Harrison Burton Keeping Focus on Xfinity With Cup on Horizon

By: Zach Catanzareti, Staff Writer

Harrison Burton is making the “big jump” in 2022. That being the infamous step into a rookie NASCAR Cup Series season.

And as if that isn’t intimidating enough, the 20-year-old will be representing the oldest team in the sport, Wood Brothers Racing and their famed No. 21 Ford.

Announced in July, Burton has since developed a relationship with the team while competing full-time in the Xfinity Series for Joe Gibbs Racing.

And though 2022 will be the challenge, and opportunity, of his career, it’s not taking precedent over his current endeavor for an Xfinity championship in 2021.

“It’s kind of a tough spot to be honest because you want to remain 100 percent committed to your Xfinity program,” Burton said. “But when you’re making a step to Cup, you got to know it’s the hardest series in the world. Anything you can do to get more and more ready for that is important.”

Grabbing his seventh top-five finish Saturday at Watkins Glen International, Burton’s ’21 Xfinity season has been middle of the road, nearly mirroring the statistics of teammates Brandon Jones and Daniel Hemric. With the effort being shown from his Xfinity team, Burton wants to fulfill that obligation to the very end.

“My No. 1 commitment is to the No. 20 team. Those guys work their guts out and I owe it to them to work hard for them,” he said. “We will cross the bridge for next year when we get there. Everyone at Toyota, DEX Imaging… all the people who have helped me get to where I am now, they deserve my best effort now.”

And that best effort begins as soon as each Xfinity race ends.

“I’ve adopted new things,” he said. “On the flight home, I’ll watch film from last year’s race from wherever we’re going. Or when I get home. I’m trying to get better, forget about this weekend and build on next weekend. As soon as I leave the track, it’s on to next week.”

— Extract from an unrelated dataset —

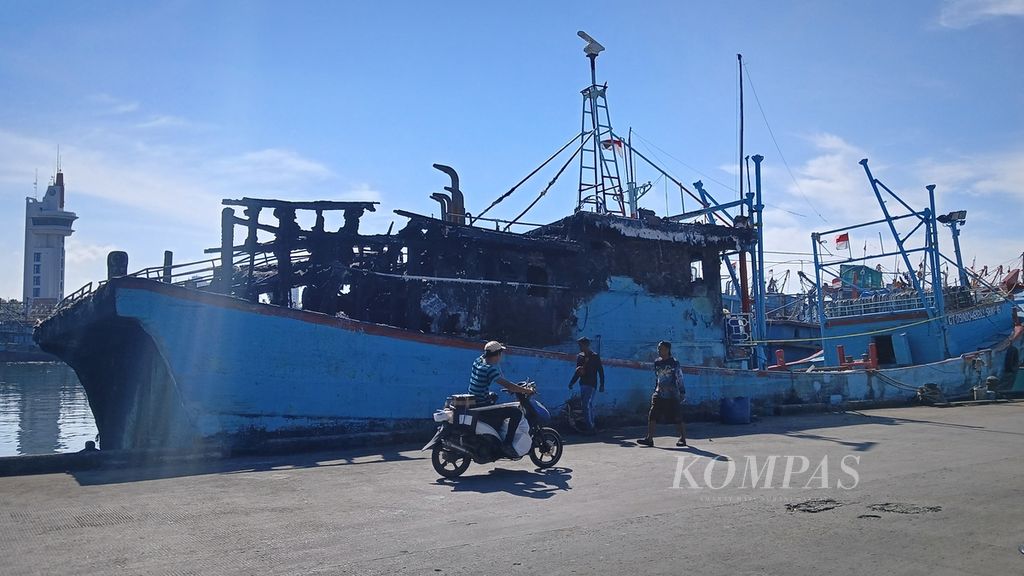 Warga dan pekerja melintas di sekitar salah satu kapal yang terbakar, Kamis (21/3/2024). Dua kapal ikan yang bersandar di Pelabuhan Muara Baru, Penjaringan, Jakarta Utara, terbakar pada Rabu (20/3/2024) sore.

With his priorities in place, Burton has not forgotten what is in store for him in 2022. The relationship with Wood Brothers is alive and well mid-week and Burton plans to attend select Cup races this year to educate himself with how the team operates on Sundays.

“There are times in the week where I can talk to people [at Wood Brothers] and try to build that relationship,” he said. “It depends on when I think it’s best for me to focus on the Xfinity team and when it’s best to learn the most I can. At Watkins Glen, you can’t really watch as much as you could anywhere else. If you go to Bristol, you can see the whole race and follow along. Here, it’s so big that it’s hard to learn every little detail I need.

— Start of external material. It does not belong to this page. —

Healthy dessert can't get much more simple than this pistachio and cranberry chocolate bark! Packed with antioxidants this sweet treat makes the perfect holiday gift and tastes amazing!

“There will be weekends where I stay behind and try to learn the most I can from watching the Cup guys race and how they race each other. I hear it’s a lot different from how the Xfinity guys race. Our races are a lot shorter than theirs are so watching how they manage that.”

With one Cup start to his name back at Talladega in the spring (a 20th-place finish for Gaunt Brothers Racing), Burton got a taste of the elevated competition of the Cup Series.

“Even [at Talladega] I could tell,” he said. “I was like, ‘Gosh, we’re not racing as hard as I was yesterday.’ And then at the end of the race, oh my gosh, these guys are insane. They just know when to turn on that switch.”